Reproduce the entries from their first line up to and including the line with "Safari Ramadhan MUI". Leave out everything after it.

**MATERIAL PROVIDED**.
• • •
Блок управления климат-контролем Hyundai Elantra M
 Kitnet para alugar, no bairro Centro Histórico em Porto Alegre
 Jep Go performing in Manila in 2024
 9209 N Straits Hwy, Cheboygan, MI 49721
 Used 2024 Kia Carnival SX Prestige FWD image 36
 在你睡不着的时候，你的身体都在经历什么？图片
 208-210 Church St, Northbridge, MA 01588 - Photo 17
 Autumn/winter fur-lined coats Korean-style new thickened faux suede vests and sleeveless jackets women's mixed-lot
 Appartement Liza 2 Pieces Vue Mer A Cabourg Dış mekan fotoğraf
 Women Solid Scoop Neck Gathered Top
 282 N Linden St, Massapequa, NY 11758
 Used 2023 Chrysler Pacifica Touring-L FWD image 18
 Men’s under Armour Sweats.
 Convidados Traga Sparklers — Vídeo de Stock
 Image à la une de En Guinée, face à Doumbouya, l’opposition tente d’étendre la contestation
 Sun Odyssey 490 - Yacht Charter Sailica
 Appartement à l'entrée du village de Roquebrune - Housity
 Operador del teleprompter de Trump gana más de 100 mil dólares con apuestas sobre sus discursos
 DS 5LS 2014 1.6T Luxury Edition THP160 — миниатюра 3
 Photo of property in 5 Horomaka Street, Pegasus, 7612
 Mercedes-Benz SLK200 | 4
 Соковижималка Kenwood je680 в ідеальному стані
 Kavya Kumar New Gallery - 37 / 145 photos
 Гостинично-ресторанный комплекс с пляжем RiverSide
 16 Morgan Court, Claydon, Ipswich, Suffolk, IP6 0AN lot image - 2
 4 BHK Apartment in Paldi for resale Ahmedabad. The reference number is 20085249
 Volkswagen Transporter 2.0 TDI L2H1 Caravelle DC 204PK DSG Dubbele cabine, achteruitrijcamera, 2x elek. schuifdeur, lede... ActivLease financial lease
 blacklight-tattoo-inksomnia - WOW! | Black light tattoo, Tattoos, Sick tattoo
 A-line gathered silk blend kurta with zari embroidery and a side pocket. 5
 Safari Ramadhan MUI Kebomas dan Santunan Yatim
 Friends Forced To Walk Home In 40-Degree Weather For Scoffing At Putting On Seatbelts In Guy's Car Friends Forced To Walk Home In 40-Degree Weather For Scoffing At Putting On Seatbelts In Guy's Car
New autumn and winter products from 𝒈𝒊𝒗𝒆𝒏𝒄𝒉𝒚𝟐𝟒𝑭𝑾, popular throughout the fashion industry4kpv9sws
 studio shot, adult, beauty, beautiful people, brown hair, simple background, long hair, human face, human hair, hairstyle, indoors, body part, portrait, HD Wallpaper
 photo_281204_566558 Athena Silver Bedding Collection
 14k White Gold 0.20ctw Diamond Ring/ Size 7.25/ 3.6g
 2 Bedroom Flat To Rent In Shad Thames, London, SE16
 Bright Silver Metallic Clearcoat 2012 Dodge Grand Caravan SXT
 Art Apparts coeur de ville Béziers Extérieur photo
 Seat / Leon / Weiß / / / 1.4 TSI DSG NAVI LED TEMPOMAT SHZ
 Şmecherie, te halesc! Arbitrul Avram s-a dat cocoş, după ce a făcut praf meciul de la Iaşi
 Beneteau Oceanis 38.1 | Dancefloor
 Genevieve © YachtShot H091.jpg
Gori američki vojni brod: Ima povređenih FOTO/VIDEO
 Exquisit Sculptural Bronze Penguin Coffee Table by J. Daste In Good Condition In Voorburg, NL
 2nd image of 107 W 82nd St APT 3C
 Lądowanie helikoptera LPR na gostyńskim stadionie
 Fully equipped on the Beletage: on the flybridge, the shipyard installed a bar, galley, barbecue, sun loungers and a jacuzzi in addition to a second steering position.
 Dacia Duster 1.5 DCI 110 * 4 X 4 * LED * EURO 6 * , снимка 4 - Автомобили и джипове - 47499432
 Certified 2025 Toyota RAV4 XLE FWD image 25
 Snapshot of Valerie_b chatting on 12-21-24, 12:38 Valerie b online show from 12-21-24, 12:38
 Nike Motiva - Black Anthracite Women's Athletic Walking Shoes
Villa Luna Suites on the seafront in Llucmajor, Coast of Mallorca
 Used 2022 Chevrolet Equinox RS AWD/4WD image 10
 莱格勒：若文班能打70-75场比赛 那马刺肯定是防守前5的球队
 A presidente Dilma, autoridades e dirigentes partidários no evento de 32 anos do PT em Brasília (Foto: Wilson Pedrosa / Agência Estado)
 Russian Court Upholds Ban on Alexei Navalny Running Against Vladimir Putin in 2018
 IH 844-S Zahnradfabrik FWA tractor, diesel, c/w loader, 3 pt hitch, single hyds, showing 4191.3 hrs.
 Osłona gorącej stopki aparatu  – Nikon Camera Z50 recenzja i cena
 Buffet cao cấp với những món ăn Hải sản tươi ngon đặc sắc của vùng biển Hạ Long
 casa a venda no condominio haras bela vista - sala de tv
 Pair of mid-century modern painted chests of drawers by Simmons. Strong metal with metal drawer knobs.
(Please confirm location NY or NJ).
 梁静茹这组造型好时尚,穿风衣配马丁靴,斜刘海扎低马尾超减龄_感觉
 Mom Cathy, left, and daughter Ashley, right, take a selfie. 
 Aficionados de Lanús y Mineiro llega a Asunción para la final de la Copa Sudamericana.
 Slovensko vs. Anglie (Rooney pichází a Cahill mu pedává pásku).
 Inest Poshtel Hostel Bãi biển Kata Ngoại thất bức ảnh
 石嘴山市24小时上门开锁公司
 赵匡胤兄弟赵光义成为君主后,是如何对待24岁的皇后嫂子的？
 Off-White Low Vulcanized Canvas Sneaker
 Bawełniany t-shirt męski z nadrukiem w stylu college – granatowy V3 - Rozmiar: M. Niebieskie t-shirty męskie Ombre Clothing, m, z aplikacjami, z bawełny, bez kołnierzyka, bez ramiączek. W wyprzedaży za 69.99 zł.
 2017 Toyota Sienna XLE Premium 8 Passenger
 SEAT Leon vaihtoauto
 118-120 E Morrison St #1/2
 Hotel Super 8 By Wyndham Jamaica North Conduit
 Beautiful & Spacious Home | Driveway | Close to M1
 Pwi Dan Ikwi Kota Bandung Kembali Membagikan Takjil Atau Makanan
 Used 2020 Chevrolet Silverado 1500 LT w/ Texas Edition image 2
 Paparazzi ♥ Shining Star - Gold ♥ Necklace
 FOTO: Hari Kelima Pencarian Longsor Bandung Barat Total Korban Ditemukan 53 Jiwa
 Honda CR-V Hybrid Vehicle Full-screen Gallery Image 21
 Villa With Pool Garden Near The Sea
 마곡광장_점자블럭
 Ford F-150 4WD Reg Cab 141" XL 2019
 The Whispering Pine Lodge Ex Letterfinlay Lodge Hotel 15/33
• • •
**RESPONSE BELOW**.
Блок управления климат-контролем Hyundai Elantra M
 Kitnet para alugar, no bairro Centro Histórico em Porto Alegre
 Jep Go performing in Manila in 2024
 9209 N Straits Hwy, Cheboygan, MI 49721
 Used 2024 Kia Carnival SX Prestige FWD image 36
 在你睡不着的时候，你的身体都在经历什么？图片
 208-210 Church St, Northbridge, MA 01588 - Photo 17
 Autumn/winter fur-lined coats Korean-style new thickened faux suede vests and sleeveless jackets women's mixed-lot
 Appartement Liza 2 Pieces Vue Mer A Cabourg Dış mekan fotoğraf
 Women Solid Scoop Neck Gathered Top
 282 N Linden St, Massapequa, NY 11758
 Used 2023 Chrysler Pacifica Touring-L FWD image 18
 Men’s under Armour Sweats.
 Convidados Traga Sparklers — Vídeo de Stock
 Image à la une de En Guinée, face à Doumbouya, l’opposition tente d’étendre la contestation
 Sun Odyssey 490 - Yacht Charter Sailica
 Appartement à l'entrée du village de Roquebrune - Housity
 Operador del teleprompter de Trump gana más de 100 mil dólares con apuestas sobre sus discursos
 DS 5LS 2014 1.6T Luxury Edition THP160 — миниатюра 3
 Photo of property in 5 Horomaka Street, Pegasus, 7612
 Mercedes-Benz SLK200 | 4
 Соковижималка Kenwood je680 в ідеальному стані
 Kavya Kumar New Gallery - 37 / 145 photos
 Гостинично-ресторанный комплекс с пляжем RiverSide
 16 Morgan Court, Claydon, Ipswich, Suffolk, IP6 0AN lot image - 2
 4 BHK Apartment in Paldi for resale Ahmedabad. The reference number is 20085249
 Volkswagen Transporter 2.0 TDI L2H1 Caravelle DC 204PK DSG Dubbele cabine, achteruitrijcamera, 2x elek. schuifdeur, lede... ActivLease financial lease
 blacklight-tattoo-inksomnia - WOW! | Black light tattoo, Tattoos, Sick tattoo
 A-line gathered silk blend kurta with zari embroidery and a side pocket. 5
 Safari Ramadhan MUI Kebomas dan Santunan Yatim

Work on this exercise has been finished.